吉西他滨是一种脱氧胞苷核苷类似物,是目前用于局部晚期或转移性胰腺癌患者一线治疗的标准化疗药物,可使生存期延长5.7个月。晚期胰腺癌因此仍然是一个未得到满足的重大医疗需求,该患者群体需要新的治疗药物。曲沙他滨(Troxatyl)是首个显示出强大临床前抗肿瘤活性的非天然L-核苷类似物,目前正处于临床研究阶段。曲沙他滨最近在54例晚期胰腺腺癌患者中被评估为一线治疗药物,总体结果与近期发表的随机试验中吉西他滨报道的结果相当。
将人胰腺腺癌细胞系AsPC-1、Capan-2、MIA PaCa-2和Panc-1单独或联合暴露于曲沙他滨或吉西他滨中72小时,通过电子粒子计数确定对细胞生长的影响。协同疗效通过Chou和Talalay的等效线图和联合指数方法确定。机制研究涉及曲沙他滨掺入DNA以及曲沙他滨和吉西他滨代谢物的细胞内水平。对于体内研究,我们评估了两种药物单独和联合对裸鼠皮下植入的人胰腺(AsPC-1)肿瘤生长的影响。使用GraphPad prism软件通过单向方差分析(ANOVA)并以Dunnett作为事后检验以及双尾非配对t检验进行统计分析。

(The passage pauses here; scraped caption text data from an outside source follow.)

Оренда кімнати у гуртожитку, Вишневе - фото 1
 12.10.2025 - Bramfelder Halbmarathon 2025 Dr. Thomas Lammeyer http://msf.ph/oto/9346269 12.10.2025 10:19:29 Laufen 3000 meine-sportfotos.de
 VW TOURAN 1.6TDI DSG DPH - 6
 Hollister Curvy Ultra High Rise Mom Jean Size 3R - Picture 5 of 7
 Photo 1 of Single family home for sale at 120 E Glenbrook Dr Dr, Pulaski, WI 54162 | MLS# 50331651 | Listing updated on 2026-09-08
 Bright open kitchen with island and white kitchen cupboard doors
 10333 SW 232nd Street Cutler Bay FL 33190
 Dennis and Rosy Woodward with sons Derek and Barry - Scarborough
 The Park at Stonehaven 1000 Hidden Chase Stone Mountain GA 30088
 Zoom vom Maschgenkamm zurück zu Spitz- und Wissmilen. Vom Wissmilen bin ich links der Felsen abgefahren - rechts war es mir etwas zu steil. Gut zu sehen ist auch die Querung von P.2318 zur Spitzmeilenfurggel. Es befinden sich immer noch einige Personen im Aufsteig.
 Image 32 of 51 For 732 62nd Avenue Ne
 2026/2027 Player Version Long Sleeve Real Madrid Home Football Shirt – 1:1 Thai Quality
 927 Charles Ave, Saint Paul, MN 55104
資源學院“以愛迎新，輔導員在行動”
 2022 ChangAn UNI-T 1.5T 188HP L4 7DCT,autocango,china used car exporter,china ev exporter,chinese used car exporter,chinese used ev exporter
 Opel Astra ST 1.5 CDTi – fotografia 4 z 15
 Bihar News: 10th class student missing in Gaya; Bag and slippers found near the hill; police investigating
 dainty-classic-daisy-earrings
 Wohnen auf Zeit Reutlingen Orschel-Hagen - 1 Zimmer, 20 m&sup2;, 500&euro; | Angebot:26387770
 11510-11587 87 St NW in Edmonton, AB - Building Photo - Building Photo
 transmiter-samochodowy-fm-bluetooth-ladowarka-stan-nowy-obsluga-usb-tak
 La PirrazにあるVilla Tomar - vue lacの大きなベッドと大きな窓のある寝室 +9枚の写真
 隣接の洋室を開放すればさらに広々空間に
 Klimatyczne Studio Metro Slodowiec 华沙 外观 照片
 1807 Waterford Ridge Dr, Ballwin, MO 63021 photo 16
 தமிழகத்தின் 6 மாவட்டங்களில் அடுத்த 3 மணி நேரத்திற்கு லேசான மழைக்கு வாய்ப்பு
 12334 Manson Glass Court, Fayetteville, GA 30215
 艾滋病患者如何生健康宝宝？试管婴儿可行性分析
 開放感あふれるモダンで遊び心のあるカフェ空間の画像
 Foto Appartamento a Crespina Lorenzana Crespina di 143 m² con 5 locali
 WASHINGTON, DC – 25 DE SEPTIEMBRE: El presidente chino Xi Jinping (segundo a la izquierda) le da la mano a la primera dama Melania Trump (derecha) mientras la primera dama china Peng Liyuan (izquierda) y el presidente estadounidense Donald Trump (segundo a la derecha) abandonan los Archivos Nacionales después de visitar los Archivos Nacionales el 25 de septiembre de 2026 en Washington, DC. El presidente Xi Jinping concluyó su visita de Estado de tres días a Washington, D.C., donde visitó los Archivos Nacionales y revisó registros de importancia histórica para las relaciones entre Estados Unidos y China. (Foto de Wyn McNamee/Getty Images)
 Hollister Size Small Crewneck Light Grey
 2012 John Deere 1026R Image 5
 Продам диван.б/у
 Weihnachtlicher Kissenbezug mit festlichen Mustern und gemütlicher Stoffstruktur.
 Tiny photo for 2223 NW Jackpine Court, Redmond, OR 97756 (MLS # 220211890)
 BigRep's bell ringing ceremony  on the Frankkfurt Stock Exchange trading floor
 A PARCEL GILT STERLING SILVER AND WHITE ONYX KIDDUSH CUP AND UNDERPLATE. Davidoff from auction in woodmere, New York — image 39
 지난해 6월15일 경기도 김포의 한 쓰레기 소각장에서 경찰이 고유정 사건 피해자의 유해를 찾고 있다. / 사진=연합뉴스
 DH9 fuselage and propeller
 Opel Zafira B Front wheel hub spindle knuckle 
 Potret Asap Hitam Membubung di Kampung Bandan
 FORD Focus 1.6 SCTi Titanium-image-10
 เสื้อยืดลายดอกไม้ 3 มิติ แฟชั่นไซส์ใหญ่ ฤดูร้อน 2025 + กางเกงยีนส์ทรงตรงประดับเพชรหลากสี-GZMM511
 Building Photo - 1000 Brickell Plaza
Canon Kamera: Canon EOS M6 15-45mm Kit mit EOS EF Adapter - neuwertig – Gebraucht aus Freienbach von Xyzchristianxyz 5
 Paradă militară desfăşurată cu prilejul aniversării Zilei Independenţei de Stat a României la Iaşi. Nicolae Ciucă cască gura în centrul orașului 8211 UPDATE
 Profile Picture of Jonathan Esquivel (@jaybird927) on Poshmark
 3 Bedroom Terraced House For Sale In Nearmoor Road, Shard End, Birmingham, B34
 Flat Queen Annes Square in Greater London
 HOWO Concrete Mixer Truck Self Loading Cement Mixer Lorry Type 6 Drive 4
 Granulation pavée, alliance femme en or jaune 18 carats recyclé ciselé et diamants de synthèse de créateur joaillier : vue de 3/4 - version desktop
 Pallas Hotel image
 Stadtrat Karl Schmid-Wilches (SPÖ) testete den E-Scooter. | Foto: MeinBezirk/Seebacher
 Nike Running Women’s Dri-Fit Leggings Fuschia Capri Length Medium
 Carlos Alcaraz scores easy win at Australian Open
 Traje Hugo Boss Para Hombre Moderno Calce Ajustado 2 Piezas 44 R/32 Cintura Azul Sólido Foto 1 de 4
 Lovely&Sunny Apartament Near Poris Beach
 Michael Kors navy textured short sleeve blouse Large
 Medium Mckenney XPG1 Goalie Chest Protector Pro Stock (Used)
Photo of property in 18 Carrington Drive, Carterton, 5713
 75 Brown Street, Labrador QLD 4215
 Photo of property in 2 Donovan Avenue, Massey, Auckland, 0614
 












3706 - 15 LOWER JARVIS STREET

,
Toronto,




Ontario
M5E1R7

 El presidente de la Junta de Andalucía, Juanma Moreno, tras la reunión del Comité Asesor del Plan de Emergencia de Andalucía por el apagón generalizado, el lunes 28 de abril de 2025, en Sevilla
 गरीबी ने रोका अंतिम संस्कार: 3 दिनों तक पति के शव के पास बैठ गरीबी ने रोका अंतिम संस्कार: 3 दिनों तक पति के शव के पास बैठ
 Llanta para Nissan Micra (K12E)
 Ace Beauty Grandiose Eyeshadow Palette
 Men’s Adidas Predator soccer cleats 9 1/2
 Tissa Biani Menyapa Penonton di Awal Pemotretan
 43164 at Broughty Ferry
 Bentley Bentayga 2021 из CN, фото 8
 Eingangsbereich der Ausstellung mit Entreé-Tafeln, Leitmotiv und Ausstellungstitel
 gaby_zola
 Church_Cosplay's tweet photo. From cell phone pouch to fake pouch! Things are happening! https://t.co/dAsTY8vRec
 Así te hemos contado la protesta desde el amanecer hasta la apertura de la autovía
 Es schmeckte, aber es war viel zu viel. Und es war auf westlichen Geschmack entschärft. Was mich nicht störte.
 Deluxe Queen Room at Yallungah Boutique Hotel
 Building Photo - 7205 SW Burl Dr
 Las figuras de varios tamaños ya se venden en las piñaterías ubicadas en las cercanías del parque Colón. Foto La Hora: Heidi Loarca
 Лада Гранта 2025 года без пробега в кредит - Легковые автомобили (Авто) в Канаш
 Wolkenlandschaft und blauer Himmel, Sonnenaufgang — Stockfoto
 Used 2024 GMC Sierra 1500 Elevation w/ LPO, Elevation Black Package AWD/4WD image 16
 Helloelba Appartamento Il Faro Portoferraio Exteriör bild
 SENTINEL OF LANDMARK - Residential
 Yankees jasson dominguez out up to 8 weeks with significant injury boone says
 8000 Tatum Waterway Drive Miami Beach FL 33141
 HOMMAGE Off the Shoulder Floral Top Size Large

使用CalcuSyn软件评估,在所有四种细胞系的多个药物浓度下均观察到协同作用,在Fa为0.5(细胞生长减少50%)时联合指数低于0.7。分析了药物暴露对曲沙他滨和吉西他滨核苷酸库的影响,尽管当细胞以相等药物浓度暴露时吉西他滨会降低曲沙他滨的磷酸化,但在具有协同作用的药物组合中对磷酸化库没有影响。曲沙他滨掺入DNA的量也不受吉西他滨存在的影响。针对人胰腺(AsPC-1)异种移植小鼠肿瘤模型的体内测试表明,在耐受性良好的剂量和给药方案下,两种药物的作用均超过相加作用。由于我们在吉西他滨存在的情况下未观察到细胞凋亡、DNA修复、曲沙他滨掺入DNA或曲沙他滨代谢的变化,这种协同作用的生物学基础尚不清楚。
这些数据,连同I期临床数据显示两种药物联合使用时具有耐受性,表明曲沙他滨和吉西他滨联合治疗值得在晚期胰腺癌患者中进一步评估。